1.	The dissolution of the universal partnership of the parties be and is hereby confirmed.

2.	The deed of settlement signed by the parties be and is hereby incorporated into this order.

3.	Each party bears his or her own costs.

It was common cause that the parties had not strictly complied with the court order.  They had sold the Helensvale property through Robert Root instead of Kennan properties.  They further agreed that the applicant’s share of in the Helensvale property be retained by the respondent as part payment of the buying out of her share in the Eastlea property.  In short, they, in a number of ways acted in contract to the terms of the court order.  When the eventually disagreed again, one of them wanted them to stick to the court order whilst the other wanted novation, which in my view is the scenario in casu.   UCHENA J then held that the parties cannot novate a court order, even in circumstances where their own agreement had been incorporated into a court order.  The esteemed judge quoted with approval Herbstein and Van Winsen- The Civil Practice of the Superior Courts in South Africa 3rd edition at page 464 wherein commenting on the effect of a court order, the esteemed authors said;

“As long as it stands unaltered or unrescinded, it is the conclusive proof as against the parties of finding of facts directly in issue in the case actually decided by the court.”

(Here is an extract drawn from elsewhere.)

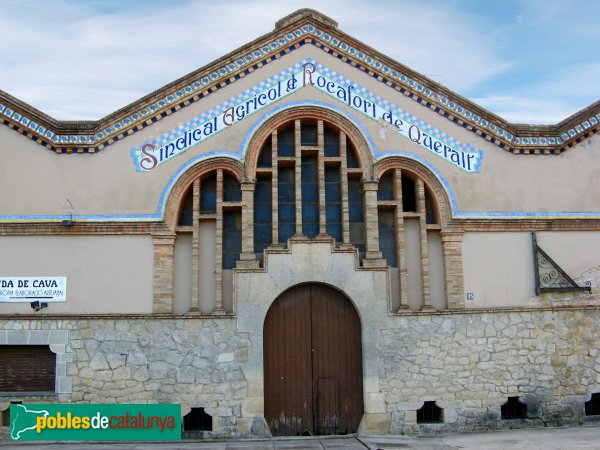 Rocafort de Queralt - Celler Cooperatiu (Foto: Albert Esteves, 2010) Rocafort de Queralt - Celler Cooperatiu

The court held further that a court order has the same effect as a court’s judgment, even if it was granted by consent.  The parties must apply for its amendment or variation if they want to depart from its terms.  The court hearing a subsequent dispute is bound by the terms of the initial court order or judgment.  It cannot grant a court order which conflicts with its previous order.

Also in Kassim v Kassim 1989 (3) ZLR 234 (H) the court dealt with division of assets in a matrimonial matter and the extent to which the court may later expand or supplement its own orders.

It is clear from precedents, that the general principle is that once a court has dully pronounced a final judgment or order, it has no authority to correct, alter or supplement it because it becomes fuctus officio.  The principal judgment or order may be supplemented only in respect of accessory or consequential matters such as costs of suit or the interest on a judgment debt, which the court had overlooked or inadvertently omitted.  This is a power exercisable by a judge or court, irrespective of whether he, she or it had made the original order.

These were the sentiments of the court also in Baron v George -1994 (2) ZLR 141 (S) as well as in Bottom Armature Winding (Pvt) Limited v Clamison and Plaskit (Pvt) Limited and Another HB 38/18.

It is clear in casu that when the parties rejected the valuation of the house in terms of clause 5 which gave the value of US$65000-00 the intention and the effect was that clause 6 comes into effect.  Respondent cannot be allowed to try and create a mixture of clause 5 and 6 to her advantage, neither can I be persuaded to revisit and purport to review a judgment reached and pronounced by my brother judge.

I re-iterate that judges need to take care and guard against the growing temptation to be asked and dragged by legal practitioners into revisiting their own earlier judgments or court orders.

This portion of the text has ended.